Era de esperarse dentro de sana lógica, extraña a la mentalidad desorbitada de los comandos comunistas de Venezuela, que la concurrencia de 96 de cada 100 ciudadanos inscritos en los registros electorales a los comicios del 1 de diciembre de 1963 hiciera desistir a ese grupo antinacional de sus planes de subversión violenta. Pero no fue así.
En poder del gobierno estuvo un documento elaborado por la dirección del Partido Comunista en la clandestinidad, el 13 de diciembre de ese mismo año de 1963, doce días después de realizarse la consulta electoral con asistencia y presencia masivas de los venezolanos aptos para elegir. En ese documento se insistía con obcecada obstinación en que la única vía trajinable para los sedicentes “revolucionarios” era la del asalto armado al poder y la sustitución de los gobernantes que el pueblo eligió, por una minoría que estableciera en Venezuela un régimen colonialmente sometido a los dictados de los sínodos comunistas internacionales, como el que existía en Cuba.

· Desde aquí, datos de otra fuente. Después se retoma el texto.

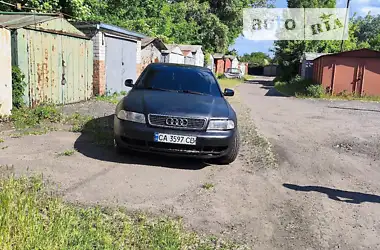 Audi A4 1998 - пробег 288 тыс. км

Fue por estas razones que el Presidente Betancourt utilizó la facultad que le concedía la Ley Orgánica del Ejército y de la Armada vigente para sobreseer juicios militares en cualquiera de sus instancias en beneficio de los máximos responsables del terrorismo político que sufría el país, y de los que proyectaban hacia el futuro. Irresponsable hubiera sido Rómulo, como lo afirmó, si al final de su mandato procurase granjearse un ambiente de Presidente benévolo abriéndole, con la firma al pie de un decreto de sobreseimiento, las puertas de las cárceles a quienes en ellas estaban no por delitos de opinión ni por haber ejercitado el legítimo derecho que tiene todo ciudadano a oponerse en todas las tribunas a un gobierno. Dijo Rómulo:
“Están encarcelados porque son agentes de una conspiración extranjera contra la paz, la libertad y la soberanía de Venezuela. La democracia no es un régimen de gobierno laxo y medroso frente a sus enemigos. La democracia es un régimen que respeta las libertades públicas, pero que no trata con lenidad y pavidez a quienes atentan contra ella. La historia contemporánea está plagada de ejemplos de regímenes que por profesar una concepción liberaloide y cobardona fueron aniquilados y pulverizados por minoría totalitarias audaces. Eso sucedió ayer con el fascismo y sucede hoy con el comunismo. Y orgulloso me siento, y orgullosos deben sentirse mis colaboradores en todos los escalones de la administración pública, de que el gobierno que presidí aprendiera las lecciones de la historia y por eso no se dejare intimidar, acorralar ni derrocar por minorías antidemocráticas, ya fueran las del clásico estilo autocrático latinoamericano o las revestidas del paramento novedoso de ideologías seudorrevolucionarias, y en definitiva integradas por quintacolumnas de potencias que aspiran a regimentar al mundo, para su propio y exclusivo beneficio, con estructuras autoritarias de gobierno”.